Cakrawalanational.news-Padangsidempuan Sumatera Utara, Pengadilan Negeri Padangsidimpuan Kelas IB kembali menggelar sidang lanjutan perkara perdata gugatan utang piutang antara inisial HS selaku penggugat melawan inisial FS selaku tergugat, Kamis sore (9/7/2026).
Persidangan yang berlangsung di Pengadilan Negeri Padangsidimpuan, Jalan Serma Lian Kosong Nomor 6, Kota Padangsidimpuan, Sumatera Utara, memasuki agenda pembuktian dari pihak penggugat.
Dalam persidangan tersebut, penggugat menghadirkan sejumlah saksi untuk memberikan keterangan di hadapan Hakim Tunggal yang didampingi panitera. Saksi pertama yang diajukan diketahui merupakan suami penggugat. Namun, Majelis Hakim memutuskan untuk tidak melanjutkan pemeriksaan terhadap saksi tersebut dan melanjutkan pemeriksaan terhadap saksi berikutnya sesuai ketentuan hukum acara yang berlaku.
Sebelum memberikan keterangan, saksi terlebih dahulu diambil sumpah oleh Hakim sesuai prosedur persidangan.
Di hadapan Hakim, saksi menerangkan bahwa dirinya hanya mengetahui pernah diminta mendampingi proses penagihan kepada pihak tergugat. Namun, saksi mengaku tidak mengetahui jumlah utang maupun adanya kesepakatan terkait jaminan yang dibuat oleh para pihak.
“Saya hanya ikut saat menagih. Untuk jumlah utang maupun persoalan jaminan antara kedua belah pihak, saya tidak mengetahuinya,” ujar saksi di hadapan Hakim.
Berdasarkan dalil gugatan, penggugat menyatakan telah meminjamkan sejumlah uang kepada pihak tergugat. Dalil tersebut masih dalam tahap pembuktian di persidangan dan akan dinilai oleh Hakim berdasarkan alat bukti serta keterangan para pihak.
Usai persidangan, kuasa hukum tergugat, RHa Hasibuan, SH, menyampaikan bahwa agenda sidang hari ini merupakan bagian dari proses pembuktian. Menurutnya, keterangan saksi yang dihadirkan penggugat akan menjadi salah satu pertimbangan Hakim dalam memeriksa dan memutus perkara.

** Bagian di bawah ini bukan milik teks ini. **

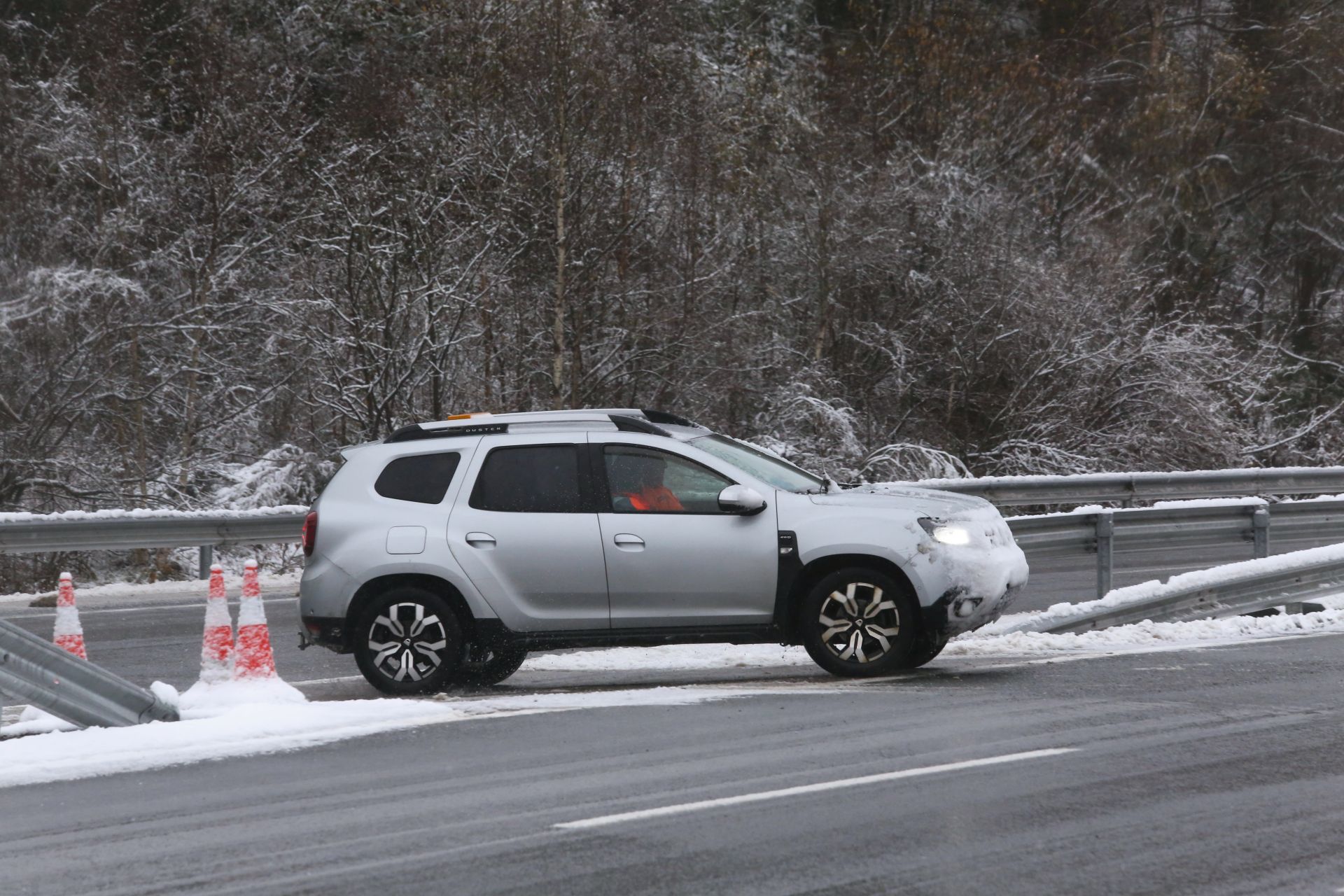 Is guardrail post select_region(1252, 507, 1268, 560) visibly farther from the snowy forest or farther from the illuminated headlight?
the snowy forest

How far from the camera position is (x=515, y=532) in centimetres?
970

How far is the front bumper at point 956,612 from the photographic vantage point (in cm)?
948

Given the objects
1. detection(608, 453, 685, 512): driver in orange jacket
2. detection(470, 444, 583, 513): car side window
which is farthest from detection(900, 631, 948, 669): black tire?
detection(470, 444, 583, 513): car side window

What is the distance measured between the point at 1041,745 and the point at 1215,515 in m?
7.51

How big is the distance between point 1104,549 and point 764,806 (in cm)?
800

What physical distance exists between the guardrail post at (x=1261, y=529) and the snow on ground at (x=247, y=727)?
260 inches

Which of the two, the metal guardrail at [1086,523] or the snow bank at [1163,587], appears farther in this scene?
the metal guardrail at [1086,523]

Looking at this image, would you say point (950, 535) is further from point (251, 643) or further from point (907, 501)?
point (251, 643)

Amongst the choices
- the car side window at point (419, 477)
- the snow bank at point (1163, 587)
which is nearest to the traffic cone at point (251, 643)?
the car side window at point (419, 477)

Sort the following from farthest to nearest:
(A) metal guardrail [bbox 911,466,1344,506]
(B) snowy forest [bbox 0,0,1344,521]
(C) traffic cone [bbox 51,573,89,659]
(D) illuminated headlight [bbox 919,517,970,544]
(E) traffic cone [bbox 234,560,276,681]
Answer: (B) snowy forest [bbox 0,0,1344,521], (A) metal guardrail [bbox 911,466,1344,506], (D) illuminated headlight [bbox 919,517,970,544], (C) traffic cone [bbox 51,573,89,659], (E) traffic cone [bbox 234,560,276,681]

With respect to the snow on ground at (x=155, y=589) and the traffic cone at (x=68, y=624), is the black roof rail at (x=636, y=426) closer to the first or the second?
the traffic cone at (x=68, y=624)

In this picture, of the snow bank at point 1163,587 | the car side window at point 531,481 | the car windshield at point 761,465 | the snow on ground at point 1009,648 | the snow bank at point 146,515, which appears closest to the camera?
the car side window at point 531,481

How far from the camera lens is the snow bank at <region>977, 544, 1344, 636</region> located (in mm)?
12016

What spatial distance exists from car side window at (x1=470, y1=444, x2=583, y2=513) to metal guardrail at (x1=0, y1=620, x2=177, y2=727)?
2.34m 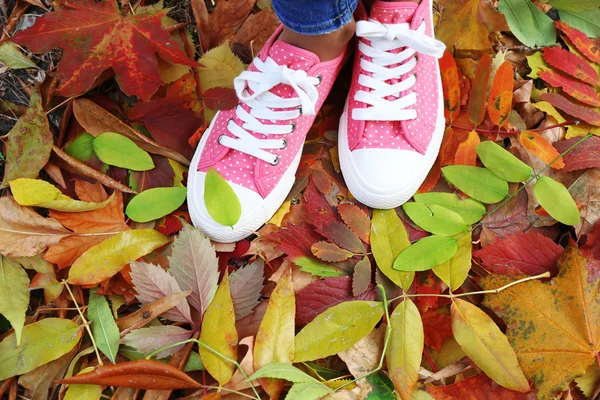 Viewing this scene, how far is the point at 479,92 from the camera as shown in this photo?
892 mm

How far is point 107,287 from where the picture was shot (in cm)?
81

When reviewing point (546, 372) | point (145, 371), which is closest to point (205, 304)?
point (145, 371)

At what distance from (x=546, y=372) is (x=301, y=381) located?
1.26 feet

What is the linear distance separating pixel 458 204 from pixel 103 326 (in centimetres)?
67

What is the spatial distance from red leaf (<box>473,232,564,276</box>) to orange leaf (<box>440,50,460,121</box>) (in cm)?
27

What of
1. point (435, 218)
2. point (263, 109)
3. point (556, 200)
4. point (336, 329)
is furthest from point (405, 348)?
point (263, 109)

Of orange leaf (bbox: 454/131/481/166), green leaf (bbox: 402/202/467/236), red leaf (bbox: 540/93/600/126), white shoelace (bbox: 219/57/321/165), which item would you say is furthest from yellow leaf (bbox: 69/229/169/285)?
red leaf (bbox: 540/93/600/126)

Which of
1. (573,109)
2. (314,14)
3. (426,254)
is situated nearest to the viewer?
(314,14)

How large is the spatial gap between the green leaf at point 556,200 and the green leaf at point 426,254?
17 cm

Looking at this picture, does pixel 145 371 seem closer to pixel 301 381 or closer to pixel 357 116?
pixel 301 381

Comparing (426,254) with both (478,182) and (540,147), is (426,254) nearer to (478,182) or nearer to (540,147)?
(478,182)

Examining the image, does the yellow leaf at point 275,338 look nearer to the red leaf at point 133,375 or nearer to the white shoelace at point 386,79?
the red leaf at point 133,375

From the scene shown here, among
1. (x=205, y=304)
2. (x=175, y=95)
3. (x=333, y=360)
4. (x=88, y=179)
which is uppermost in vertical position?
(x=175, y=95)

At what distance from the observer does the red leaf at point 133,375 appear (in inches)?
28.4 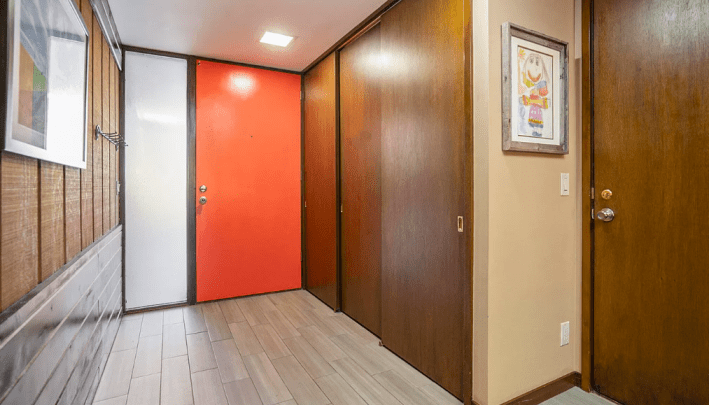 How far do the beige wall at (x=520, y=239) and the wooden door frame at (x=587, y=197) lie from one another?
0.14 ft

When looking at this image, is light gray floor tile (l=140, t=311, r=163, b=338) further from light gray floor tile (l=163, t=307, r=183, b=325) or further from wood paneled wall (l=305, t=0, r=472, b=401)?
wood paneled wall (l=305, t=0, r=472, b=401)

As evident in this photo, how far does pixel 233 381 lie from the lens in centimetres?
205

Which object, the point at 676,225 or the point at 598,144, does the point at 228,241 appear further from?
the point at 676,225

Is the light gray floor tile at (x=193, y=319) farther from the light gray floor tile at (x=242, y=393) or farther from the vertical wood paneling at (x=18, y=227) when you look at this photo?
the vertical wood paneling at (x=18, y=227)

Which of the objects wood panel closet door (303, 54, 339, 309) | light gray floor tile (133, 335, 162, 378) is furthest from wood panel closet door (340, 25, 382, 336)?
light gray floor tile (133, 335, 162, 378)

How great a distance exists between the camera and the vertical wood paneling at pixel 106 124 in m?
2.29

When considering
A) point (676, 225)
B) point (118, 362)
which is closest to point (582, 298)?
point (676, 225)

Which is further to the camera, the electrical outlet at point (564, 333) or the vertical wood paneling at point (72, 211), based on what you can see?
the electrical outlet at point (564, 333)

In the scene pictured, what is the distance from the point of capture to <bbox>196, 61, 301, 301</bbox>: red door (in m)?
3.45

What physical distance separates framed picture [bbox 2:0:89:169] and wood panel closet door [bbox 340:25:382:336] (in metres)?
1.73

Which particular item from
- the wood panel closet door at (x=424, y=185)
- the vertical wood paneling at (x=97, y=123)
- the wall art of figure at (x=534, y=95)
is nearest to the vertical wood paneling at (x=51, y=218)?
the vertical wood paneling at (x=97, y=123)

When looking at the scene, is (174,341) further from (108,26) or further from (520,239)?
(520,239)

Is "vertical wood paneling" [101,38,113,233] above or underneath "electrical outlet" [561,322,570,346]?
above

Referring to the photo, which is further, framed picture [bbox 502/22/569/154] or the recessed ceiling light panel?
the recessed ceiling light panel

“Pada persidangan hari ini, saksi menyampaikan bahwa dirinya tidak melihat secara langsung dan tidak mengetahui jumlah utang yang menjadi pokok perkara. Tentunya seluruh keterangan saksi akan menjadi bagian dari pertimbangan Hakim,” ujarnya kepada awak media.
Ia menambahkan, pada sidang lanjutan yang dijadwalkan pekan depan, pihak tergugat akan mendapat kesempatan mengajukan alat bukti serta menghadirkan saksi-saksi untuk mendukung dalil dan jawaban yang telah disampaikan dalam persidangan.
Sementara itu, saat dimintai tanggapan usai persidangan, pihak tergugat memilih tidak memberikan komentar kepada awak media.
Hakim kemudian menutup persidangan dan menjadwalkan sidang lanjutan pada pekan depan. Agenda berikutnya adalah pembuktian dari pihak tergugat melalui penyerahan alat bukti serta pemeriksaan saksi-saksi. Hingga berita ini diterbitkan, perkara tersebut masih dalam proses pemeriksaan di Pengadilan Negeri Padangsidimpuan dan belum terdapat putusan yang berkekuatan hukum tetap.